A desinformação era tanta que os Secretarios da Segurança Pública, Antonio Ferreira Pinto, e da Justiça e Defesa da Cidadania, Eloisa de Souza Arruda foram convocados publicamente pela relatora da CPMI a comparecer em reunião da Comissão em Brasília. O único registro positivo na Audiência foi trazido pelo representante da Secretária Eloisa, Fabiano de Paula. Ele anunciou a criação de uma Coordenadoria de Políticas para as Mulheres, a ser instalada naquela secretaria. Ocorre que o anúncio “oficioso” já havia sido feito no dia anterior pelo governador do Estado, horas depois de mal estar causado pela resposta das parlamentares da CPMI à sua indagação sobre “de onde ele tiraria dinheiro para realizar ações”. As parlamentares informaram então ao governador, que cerca de R$ 32 milhões foram repassados pelo programa federal ao Estado de São Paulo, ao qual cabe entrar com sua contrapartida e instituir ações de combate a violência.

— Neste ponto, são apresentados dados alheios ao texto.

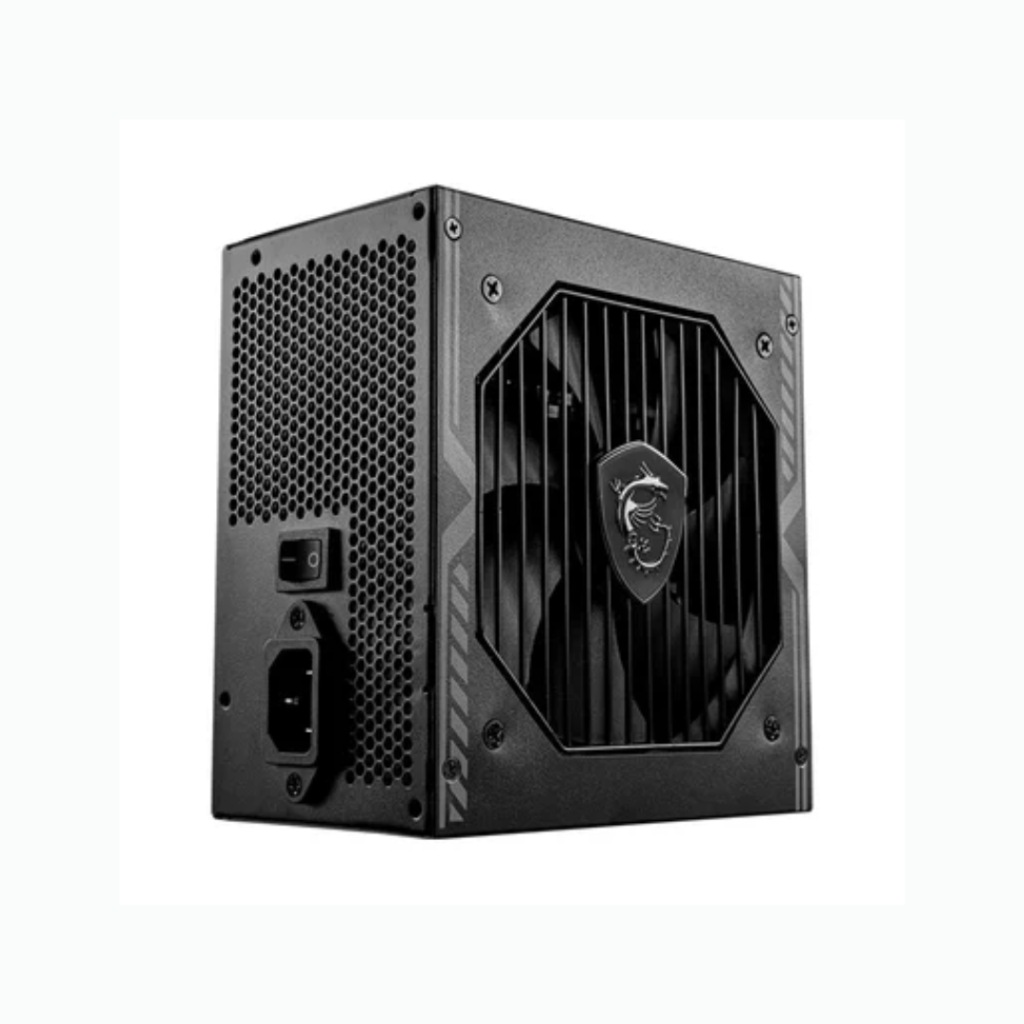 Fonte MSI MAG A650BN, 650W, 80 Plus Bronze, PFC Ativo, Com Cabo, Preto - 306-7ZP2B22-CE0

A delegada Rose, presidente do CECF (Conselho Estadual da Condição Feminina) e nomeada pelo governador para administrar os recursos do Pacto de enfrentamento à violência contra a mulher relatou o que ela considera avanços, sobretudo em cidades do interior. Ela comemora, por exemplo, existirem 67 organismos municipais de políticas de gênero em 645 municípios, e diz existirem 144 projetos sendo desenvolvidos com ações diversas. Os poucos dados apresentados pelas Secretarias só confirmavam o descaso com o tema da violência contra as mulheres, por parte do governo estadual de São Paulo. Aliás, descaso estendido às políticas de saúde integral da mulher, ao desrespeito pelos seus direitos sexuais e reprodutivos, aos seus direitos humanos. Foi lembrado o caso amplamente divulgado de mulheres dando à luz algemadas no sistema prisional paulista. As técnicas concursadas diziam também repudiar ações de insensibilidade no atendimento dos hospitais.
Houve ainda informações contraditórias, como em relação ao número real das notificações compulsórias de violência doméstica. Para a Justiça, 18.275 notificações foram feitas de 1998 até maio de 2012. A representante do Secretário da Saúde, Karina Barros, trouxe informações bem diferentes – só em 2010 foram recebidas 21.680 notificações de violência. A senadora Ana Rita informou então que exigirá das autoridades competentes esses dados para entrarem no seu relatório final, que deve ser apresentado e votado em agosto. A audiência pública foi acompanhada por mais de 500 pessoas, a grande maioria de mulheres ativistas e feministas, que tiveram suas denúncias apresentadas na parte da manhã, na própria Assembléia Legislativa.